» **Task requirements**: In this exercise, every entry is to be copied exactly.

--- Source information Enclosed Below ---

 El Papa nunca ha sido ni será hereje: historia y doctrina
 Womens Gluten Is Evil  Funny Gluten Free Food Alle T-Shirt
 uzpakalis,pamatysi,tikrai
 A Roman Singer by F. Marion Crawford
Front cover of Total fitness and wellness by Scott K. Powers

--- End of Enclosed Source information ---

» **Finished exercise**:
 El Papa nunca ha sido ni será hereje: historia y doctrina
 Womens Gluten Is Evil  Funny Gluten Free Food Alle T-Shirt
 uzpakalis,pamatysi,tikrai
 A Roman Singer by F. Marion Crawford
Front cover of Total fitness and wellness by Scott K. Powers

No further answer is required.